Will I engage in recovery? Absolutely not at the moment, I hope I can in future.

The last three years of my life have been a car crash, see MN for details, but basically domestic abuse, ex trying to kill me, work almost doing me in mentally, redundancy and now my teenage son causing a lot of grief.

What I eat and when is the only thing I can control.

Bul21ia · 17/04/2021 02:04

@fizbosshoes

I had an ED for probably 7 or 8 years. I was lucky that I had treatment for it, and have recovered.

The feeding is only a small part of it, and has to be done very gradually as it's actually dangerous for someone really malnourished to eat a huge amount of food. Images and photos hopped images of thin celebrities and models dont cause anorexia but they can warp someones perception of what normal or healthy looks like.i think a lot of celebrities are probably borderline anorexic but keep their weight just above the level that would need medical intervention.

If someone was morbidly obese, the treatment would not be to completely starve them?

Sorry but there’s always a more of a concern for a low BMI than a high BMI as it’s a narrow window. I know what your saying but it’s not the same someone being obese... I mean not to sound harsh but if your over weight the majority of the time your expected to control it and cut down your calorie intake. Nobody will force you to have a gastric band your sort of left to your own devices unlike being under weight.
DaisyDreaming · 17/04/2021 02:10

@PyongyangKipperbang I hope one day you’ll be able to eat 3 times a day not just 3 times a week Flowers

PyongyangKipperbang · 17/04/2021 02:15

I agree that you wouldnt simply just starve a morbidly obese person.
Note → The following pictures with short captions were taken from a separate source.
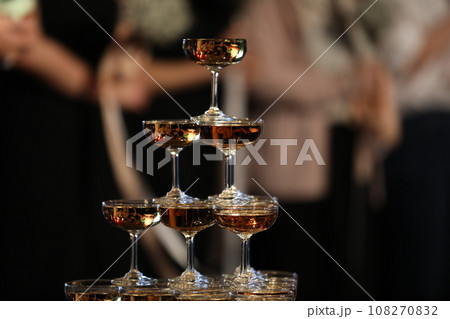 シャンパンタワー シャンパン シャンペン 108270832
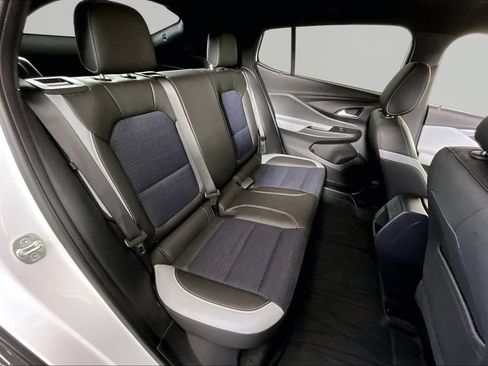 Certified 2024 Buick Envista Preferred w/ Advanced Safety Package FWD image 23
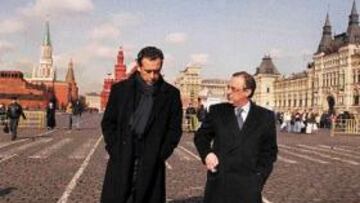 <B>REFLEXIONES Y COMPRAS.</b> Por la mañana, Florentino Pérez y Valdano conversaban en la Plaza Roja. Ronaldo y Figo prefirieron salir de tiendas.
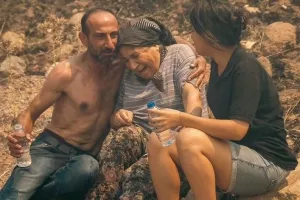 Μεγαλώνει η φωτιά στη Σμύρνη, καίγονται περιουσίες
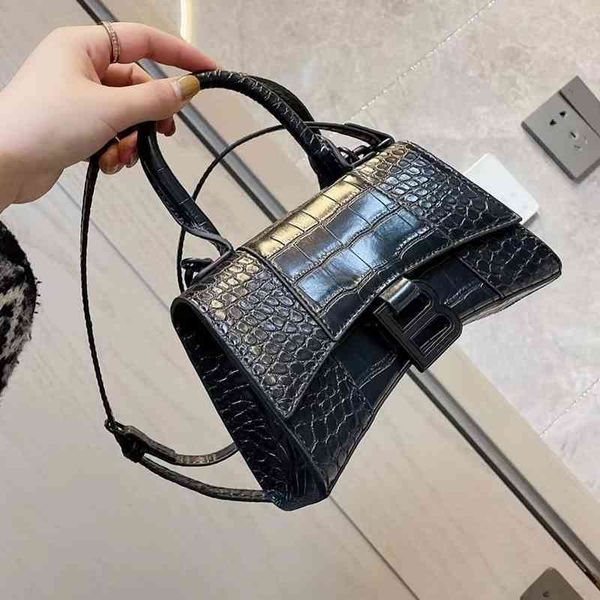 bags balenciga correct women luxurys handbag net red same b-button alligator leather one shoulder slant cross handshoulder luxurys
bags balenciga correct women luxurys handbag net red same b-button alligator leather one shoulder slant cross handshoulder luxurys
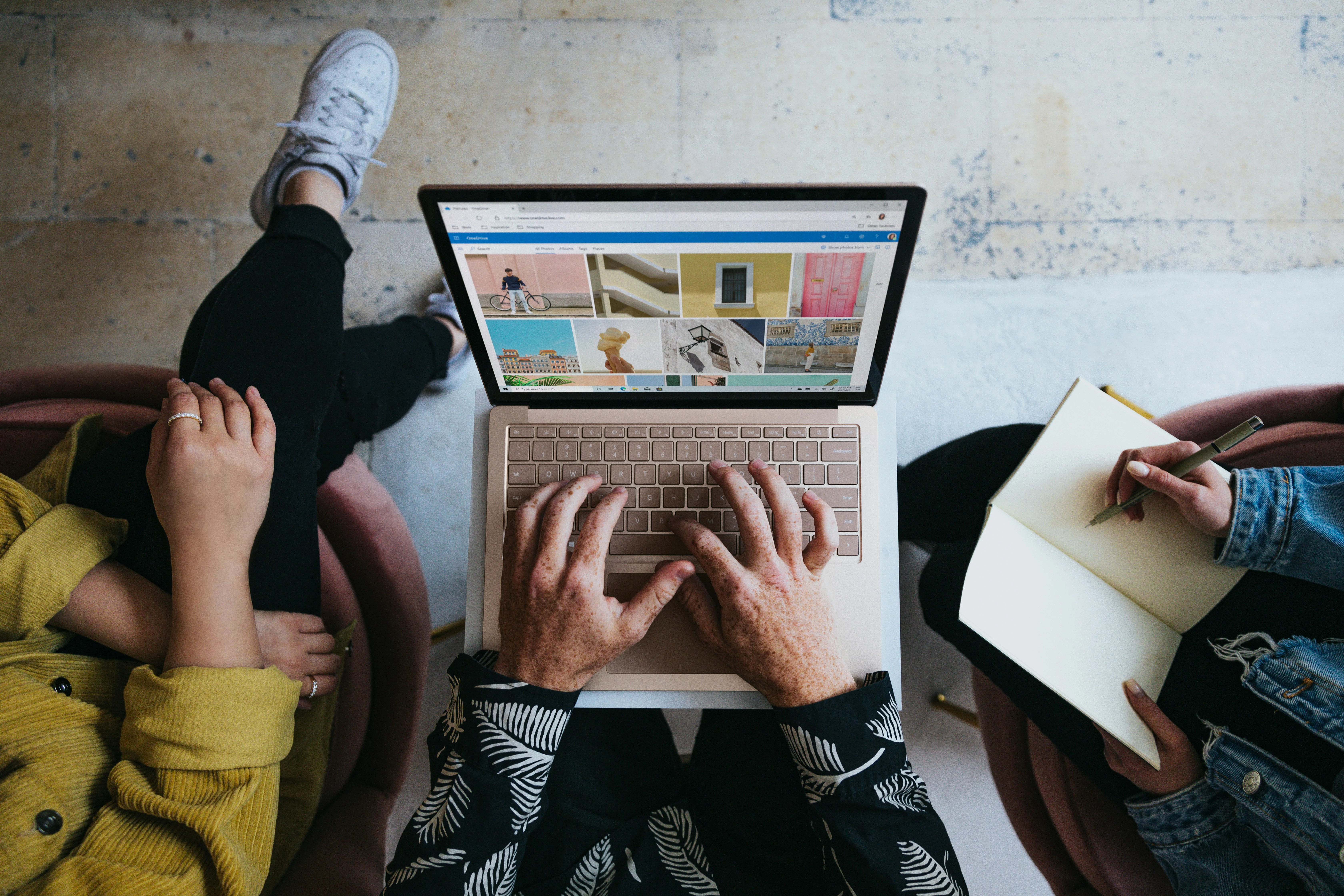 Keywords for advertising resume with 75+ ATS skills and real examples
Not least because massive weight loss in a short space of time has it own health risks.

And forcibly feeding a very underweight person will simply put a sticking plaster over the underlying issue, just as starving a very overweight person would.

It solves the immediate threat but doesnt deal with how and why that person got into that state in the first place. This is why old style "cures" never worked. Poor Karen Carpenter went into clinics, got fed up, got declared well and then went on to follow the same pattern again and died of AN related heart failure at 32.

Anorexia isnt about being thin, it really isnt. The starvation to be thin (or bingeing/purging or overeating or whatever) is a symptom of other MH struggles. As soon as more people realise this then there will be less body shaming and more successful treatments.

PyongyangKipperbang · 17/04/2021 02:18

[quote DaisyDreaming]@PyongyangKipperbang I hope one day you’ll be able to eat 3 times a day not just 3 times a week Flowers[/quote]
Thank you xx

But I have to say that even those words terrify me at the moment.

I think I equate being fat (because I was, nearly 16 stone) with being weak and abused and beaten. When my ex was removed I lost the weight (more due to trauma, like a PP said, I cant eat when I am stressed) got my confidence back and felt so much better. So now I am afraid of getting fat again because I think my brain thinks that if I am then I will get beaten and abused again.

Not quite picked it apart yet, but I will and I do hope that one day I will be able to eat seven times a week. The idea of 3 times a day....not done that since I was a child!